Notably, people in industry and finance have predominantly hosted the reductionist approach. With their blinkers on they are focused on one aspect and fail to see the consequences of their actions on the whole system. Ecologists do not believe that this ‘silver bullet’ approach will solve our problems relating to environmental decline, economic growth and health care. As we are seeing, fossil fuel companies are profiting hugely on that silver bullet to economic growth. Meanwhile, the natural world suffers and the services we rely on are threatened globally.
In relation to biodiversity decline, a holistic view takes a step back and analyses various factors that are adding to the existential crisis. Factors such as intensive farming, soil degradation, deforestation, desertification, acidification and famine that all come because of a warming world. It may seem obvious that ‘reducing emissions will equal less climatic changes but the system’s this affects is multi-faceted and simply cannot be fixed with one solution. To make change, a holistic approach is preferred that reconciles the diversity of people, their knowledge and communities. Conservation cannot be just for ‘conservationists’, it must be incorporated into our everyday actions and business decisions.
A holistic view further embraces the saying,
‘Man did not weave the web of life. He is merely a strand within it and whatever he does to the web he does to himself’. So, who would we become if we honoured the non-human world as if it matters to us and to them? Why has this not been incorporated into our learning and early education?

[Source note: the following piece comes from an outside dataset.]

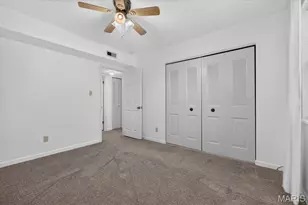 9194 Wrenwood Ln, Brentwood, MO 63144 - Photo 23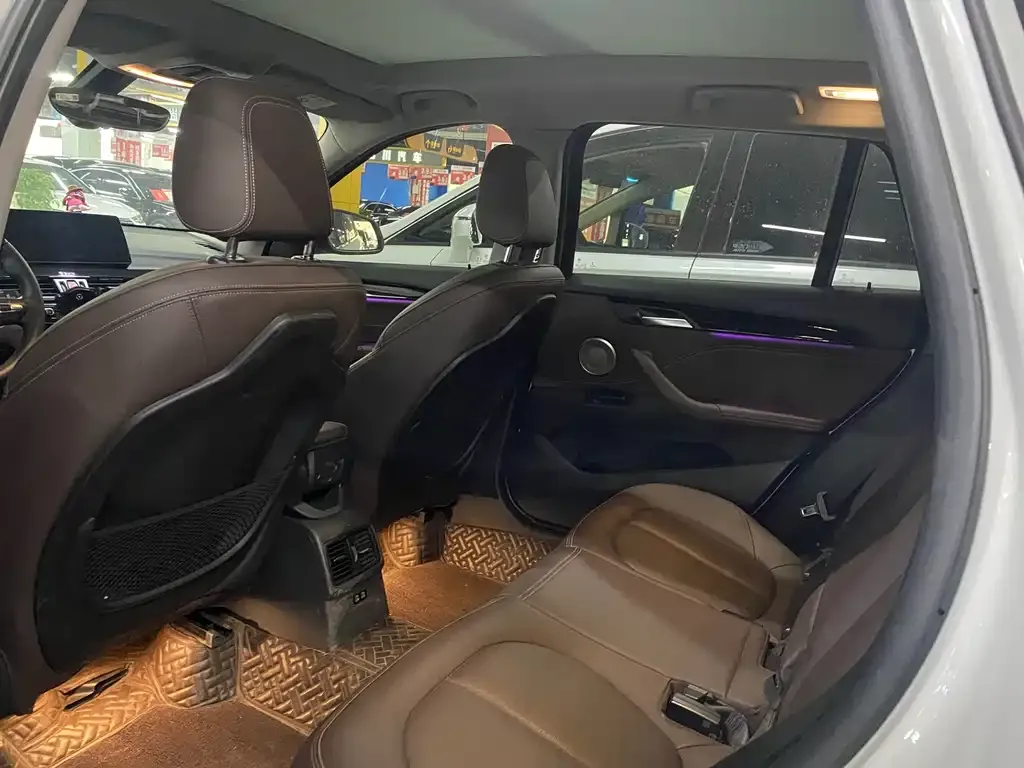 BMW X1 2022 из CN, фото 4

As a people, wherever you are from, whatever the colour of your skin, religion or sandwich choice we must come together and protect the one thing we all have in common. Nature. It isn’t just about being inclusive to each other but to the natural world and how our actions are affecting it now and in the future. Recognising our wonderful human ability to think and live we must work to better recognise the wonder and importance of the natural world, before it is far too late.